Keywords: KPM, RUC, PWM, Universal Control

Nomenclature:

KPM: Kron's Primitive Model

RUC: Reconfigurable Universal Controller PWM: Pulse Width Modulation

TPS: Thermal Protection Scheme

1. Introduction

   Speed control of any kind of motor is important because it enables the motor user to restrain its speed to the needed or required speed to accomplish a specific task. Before discussing about the induction motor drives we have to understand and know about induction motors. In very simple words induction motors can be described as a three phase or single phase, self starting constant speed ac motors. The reason for describing induction motor as constant speed is because normally these motors have a constant speed depending on the frequency of the supply and the number of windings. In the past it was not possible to control the speed of the induction motors according to the need.

   That is why their use was limited and despite having advantages over dc motors they could not be used because of this disadvantage. But as the field of drivers have improved due to the availability of thyristors, power transistors, IGBTs and GTOs the variable speed induction motor drives have been developed. Although AC drives are costlier than DC drives they are replacing DC drives owning to their advantages.

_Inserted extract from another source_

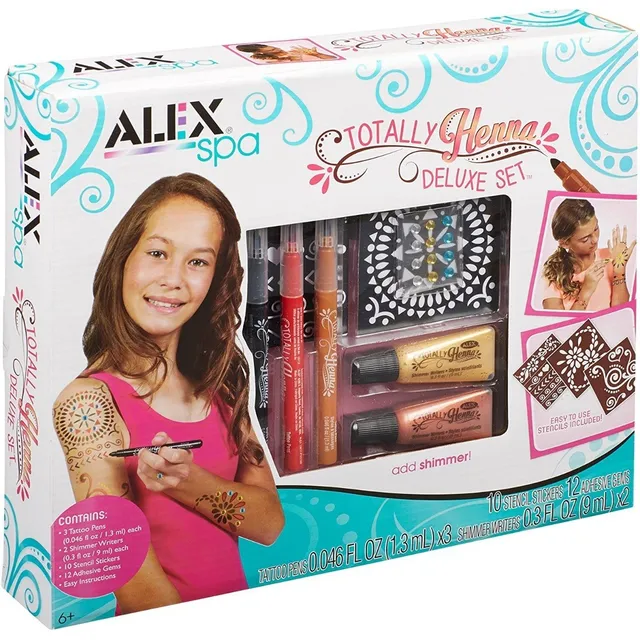 Tattoo Alex Spa Totally Henna Deluxe Para Niñas Alex Toys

   On the other hand DC motors are easy to control as compared to AC motors. But in all industrial applications what we have readily available is AC single phase or AC three phase supply. Hence there is a great need of a universal speed controller which can reconfigure itself as per requirement and supply conditions and still perform the task of regulated speed control for AC as well as DC.

   The complete idea of RUC is based on Krons primitive model. As per KPM all rotating electrical machines work on the same basic principles.

   The various types differ from each other in their winding arrangements and in the method of exciting these windings. The attempts to unify the piecemeal treatment of rotating electrical machines has led to generalized theory of electrical machines or two-axis theory of electrical machines. Gabriel Kron developed Park's Two Axis equations to deal with all rotating electrical machines in a systematic manner by tensor analysis. This unified treatment of rotating electrical machines developed by Kron, is now called generalized theory of electrical machines.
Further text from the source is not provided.